A la question: «Qui était Ma Tong Hui?» même les petits écoliers répondent sans hésitation: «C’est celui qui s’est coupé la langue pour ne pas divulguer le secret de son organisation. » Or, ce n’est pas à la portée de tous que de se couper soi-même la langue.
Seuls ceux qui préfèrent mourir en combattants loyaux plutôt que de vivre en traîtres peuvent le faire. Un homme décidé à braver la mort est capable de tout.
Le courage extrême et l’esprit de sacrifice étonnant dont Ma Tong Hui a fait preuve provenaient de sa foi et de ses convictions inébranlables.
C’était là la manifestation de sa volonté et de sa foi irréductibles contre lesquelles torture et chantage étaient incapables de rien faire. «L’organisation survivra si je garde le secret. La révolution triomphera sans faute bien que je meure», voilà ce qu’il se disait alors.

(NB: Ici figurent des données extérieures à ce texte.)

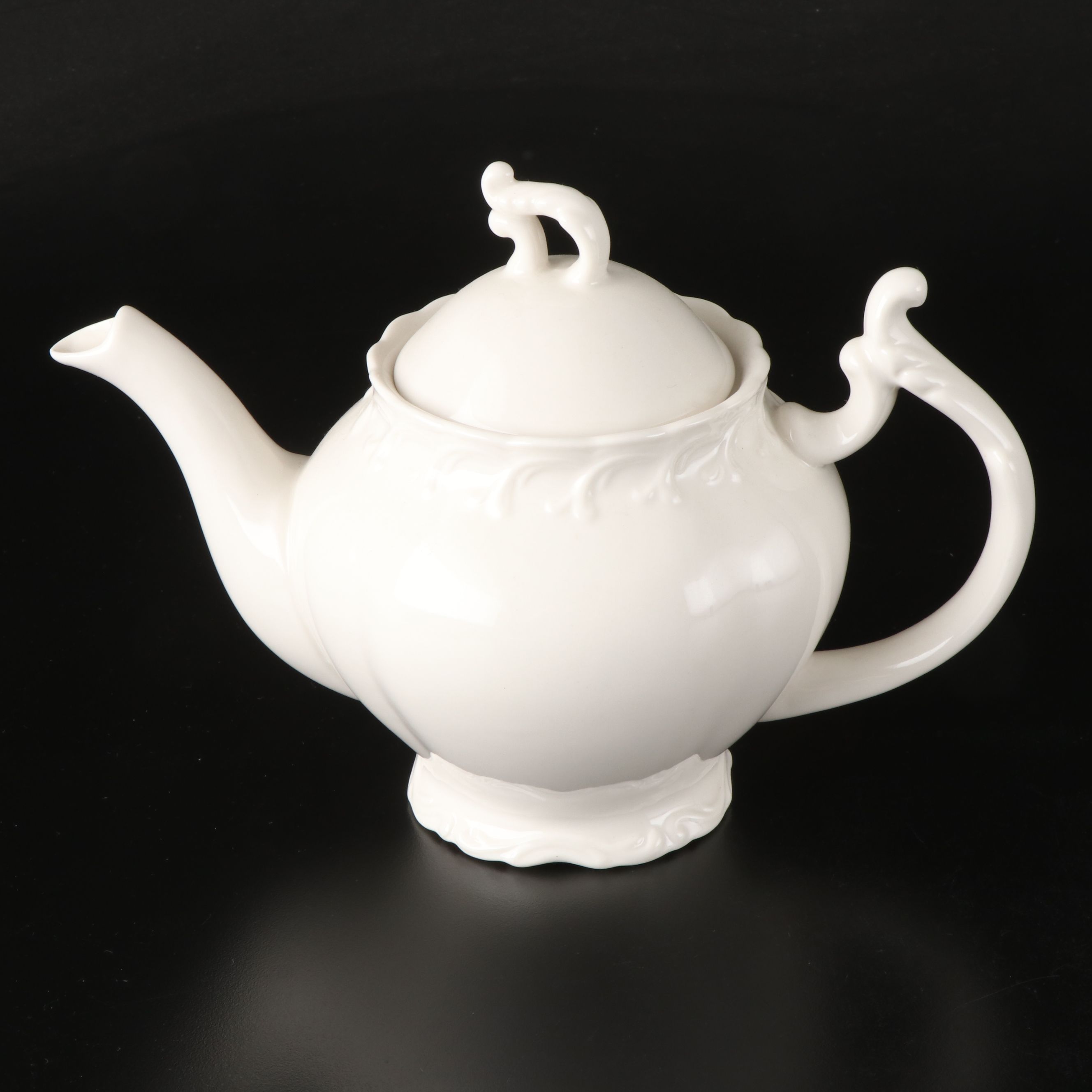 Peppertree Tabletops Porcelain Cake Stand and Teapot with Pumpkin Covered Dish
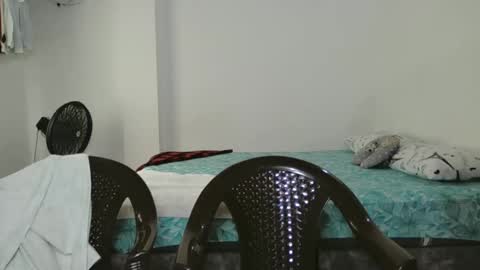 Snapshot of micheldelatorre69 chatting on 10-22-25, 08:19 MichelandDavid online show from 10-22-25, 08:19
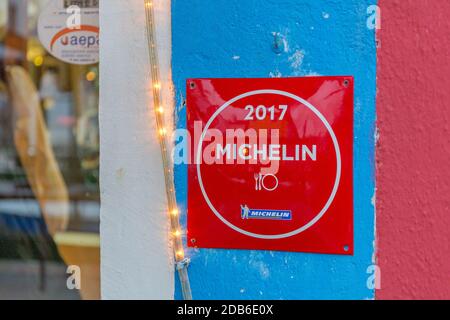 Burano, Italien - 10. Januar 2017: Berühmtes Restaurant mit Michelin-Führer Trattoria al Gatto Nero auf der Insel Burano in Venedig, Italien. Stockfoto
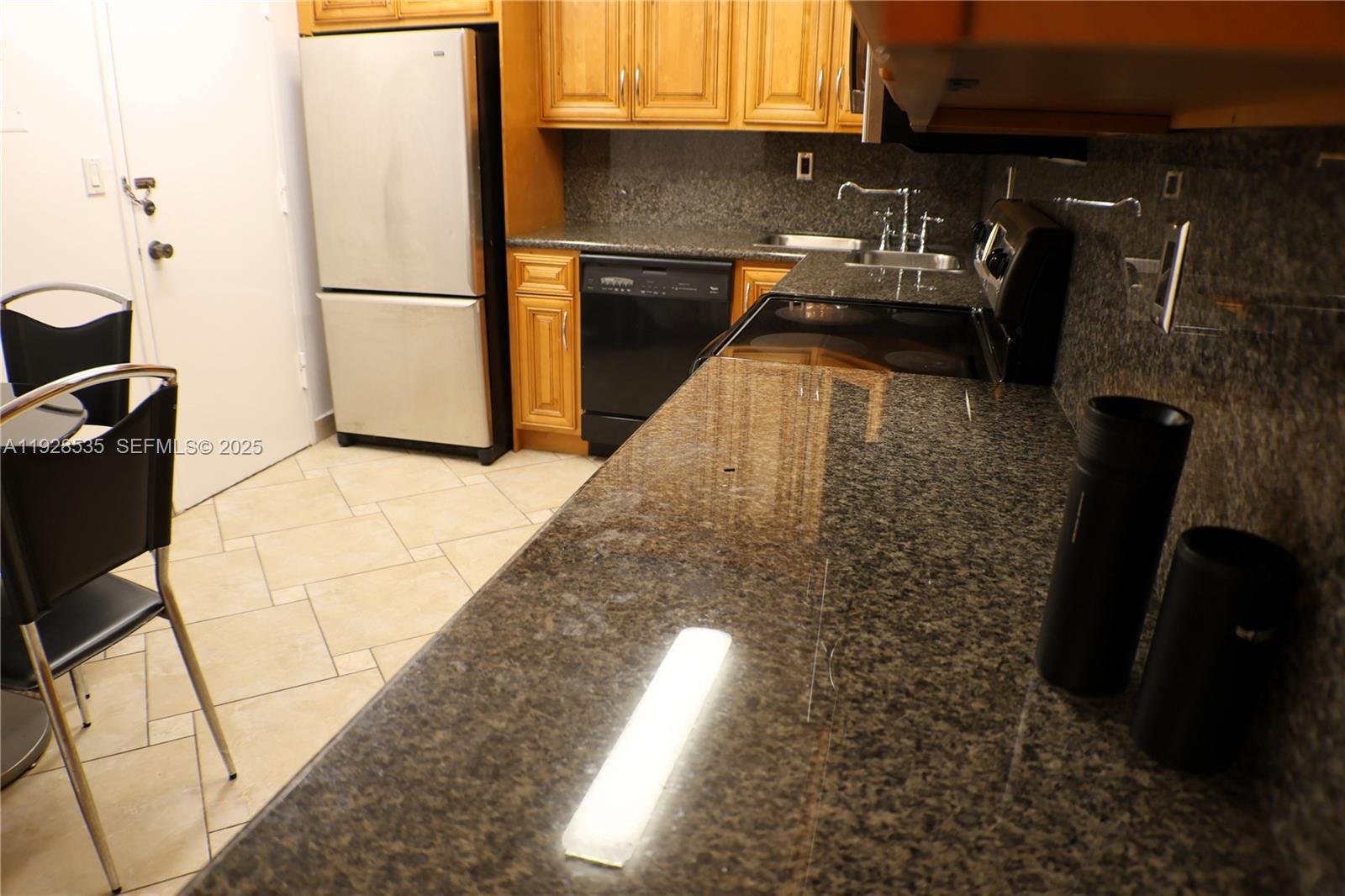 1833 S Ocean Dr # 1807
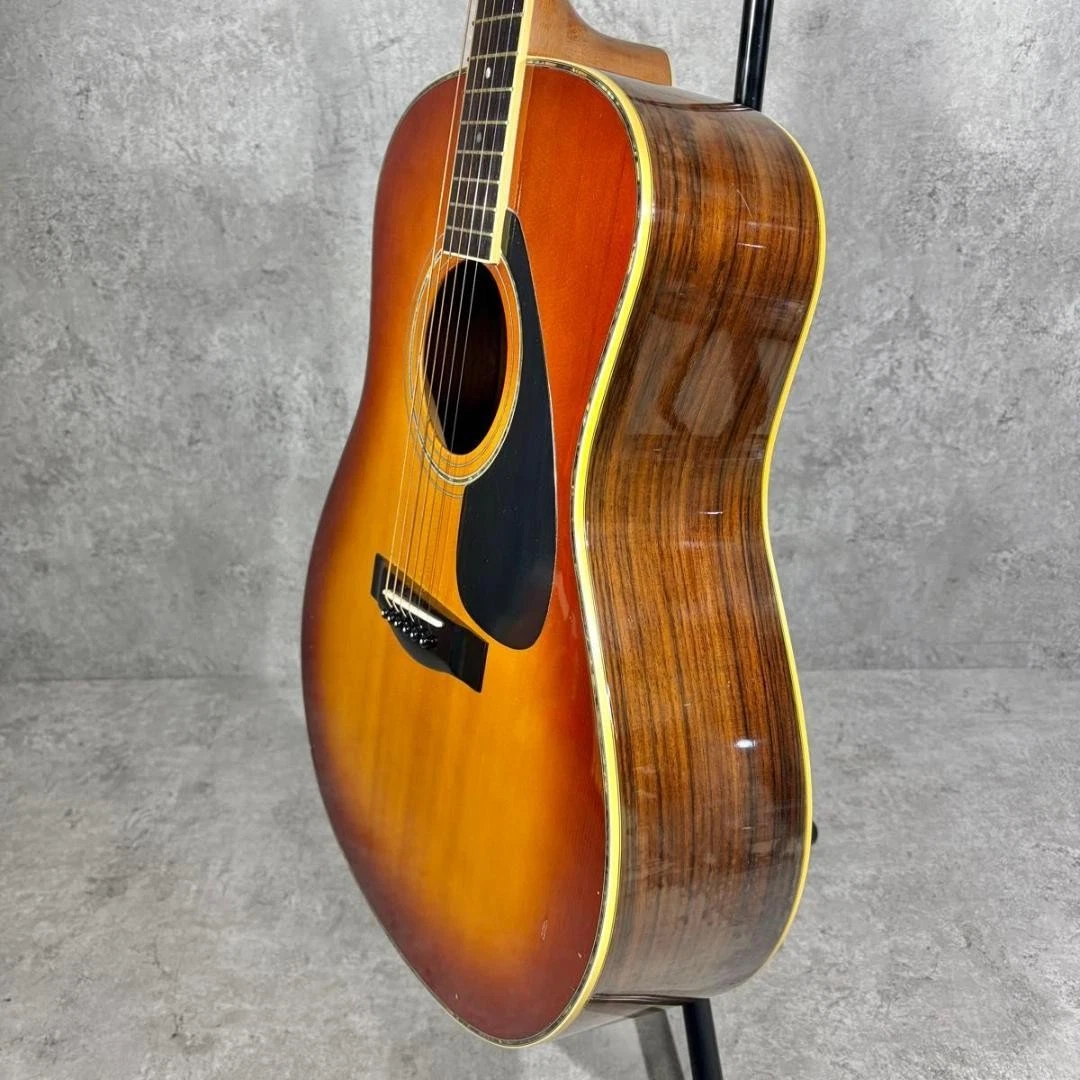 Guitarra acústica Yamaha LL-6JS Solid Spruce Top Sunburst
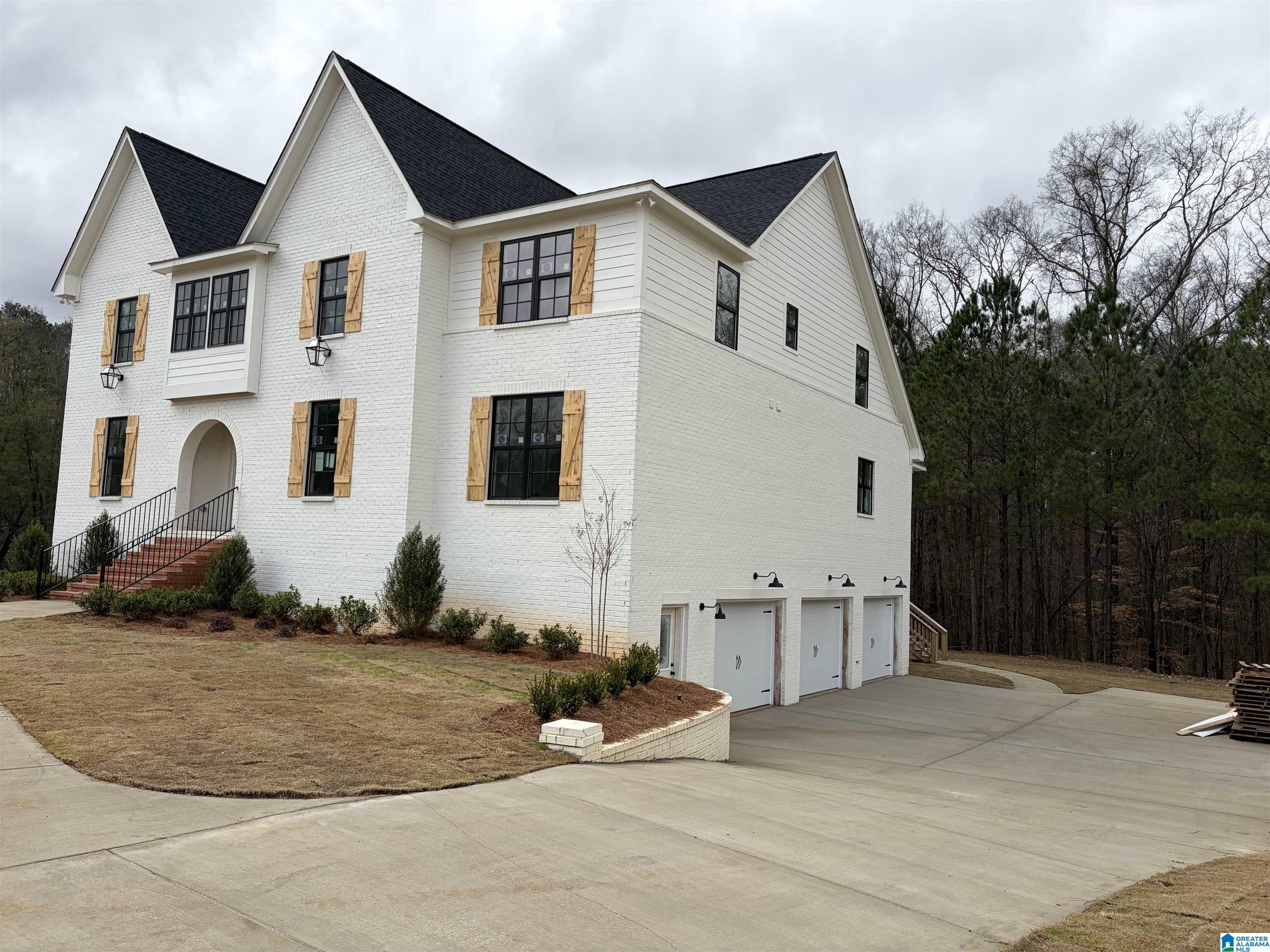 2081 HIGHLAND GATE WAY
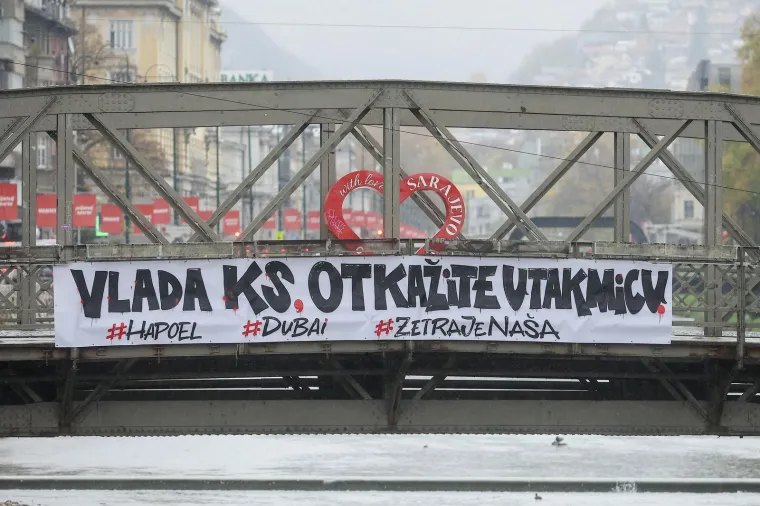 U Sarajevu osvanuli plakati i transparenti protiv utakmice momčadi hrvatskog trenera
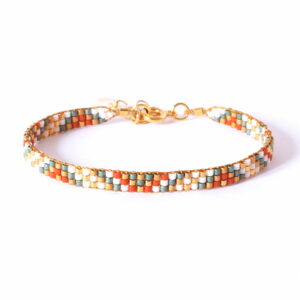 Pulsera de tres filas terracota/verde/oro con diseño de triángulos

Si Ma Tong Hui était devenu un combattant doté d’une foi inaltérable, il le devait à l’école de ses activités révolutionnaires. A Paekam, il avait constitué une association antijaponaise, avait travaillé dans une école à insuffler l’amour de la patrie aux enfants des cultivateurs sur brûlis. Après son engagement dans l’armée révolutionnaire populaire, il avait pris part, à l’égal des anciens, à la dure expédition de Fusong et travaillé, en qualité de conférencier de la compagnie de gardes du corps, à améliorer le niveau de formation des partisans. L’expérience de ces années l’avait persuadé que le sort d’un peuple privé de son pays ne valait pas celui d’un c
Il avait fait preuve dès son enfance d’un tempérament propice à la formation de cette personnalité. Il abhorrait l’injustice, l’hypocrisie et la déloyauté. Il rompait sans hésitation avec tous ceux qu’il jugeait vils et lâches.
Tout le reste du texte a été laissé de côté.